The warning of Jesus starts with the word “but”. “But” means “Attention!” Many who are first will be last, and the last – first. With these words God addresses the wrong motives. Even though there will be “something more”, we should follow Jesus not because of the rewards – hundredfold multiplied, but because of love!
This enigmatic warning about the first and the last is repeated again in reverse order by the end of the parable (Matthew 20:16). In this way it puts the parable in a specific frame. Obviously the parable is an explanation of this paradoxical declaration. And we should not forget that it was given by Jesus in His answer to Peter’s question about the extras to eternal life.
And so, having in mind these two elements of the context – the warning about the first and the last and Peter’s question about the benefits we are ready to approach the parable and its message. And its message is that in the Kingdom of God calculating people will miscalculate their profits. Giving only in order to receive is wrong – it is giving from self-centeredness. If you follow Jesus only for some kind of gain you can be disappointed. The motive for our ministry should not be gain but love and a desire to obey God’s call and do something good.
II. Content of the Parable
Early in the morning a landowner goes to the market place to hire laborers to work in his vineyard. After the usual bargaining about the wages he hires them and sends them to work (vv.1-2):
1 “For the kingdom of heaven is like a landowner who went out early in the morning to hire men to work in his vineyard. 2 He agreed to pay them a denarius for the day and sent them into his vineyard.
Notice that the landowner agrees with the first workers for the wage of one denarius per day. They settled it in the morning and then the workers were content with the agreement. Their wages were a preliminary contract.
In the later hours of the day the landlord hires more workers. But he does not specify their wages. What is impressive about them is that in contrast to their co-workers they go to work without any bargaining. It looks as though they trust the landowner. They rely on his integrity and trustworthiness and do not think that he could lie to them or treat them unjustly (vv.3-5):
3 “About the third hour he went out and saw others standing in the marketplace doing nothing. 4 He told them, `You also go and work in my vineyard, and I will pay you whatever is right.’ 5 So they went. He went out again about the sixth hour and the ninth hour and did the same thing.

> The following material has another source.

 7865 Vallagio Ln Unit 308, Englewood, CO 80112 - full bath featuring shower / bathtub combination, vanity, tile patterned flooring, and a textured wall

The reason the workers hired later went to work at a later time was not that they were lazier than the first. They went to work later because nobody had hired them earlier (vv.6-7):
6 About the eleventh hour he went out and found still others standing around. He asked them, `Why have you been standing here all day long doing nothing?’ 7 ” `Because no one has hired us,’ they answered. “He said to them, `You also go and work in my vineyard.’
In the end of the day all the laborers received one and the same wage for different amounts of work. This fact disappointed the first laborers and made them angry. So they started arguing with the landowner (vv.8-12):
8 “When evening came, the owner of the vineyard said to his foreman, `Call the workers and pay them their wages, beginning with the last ones hired and going on to the first.’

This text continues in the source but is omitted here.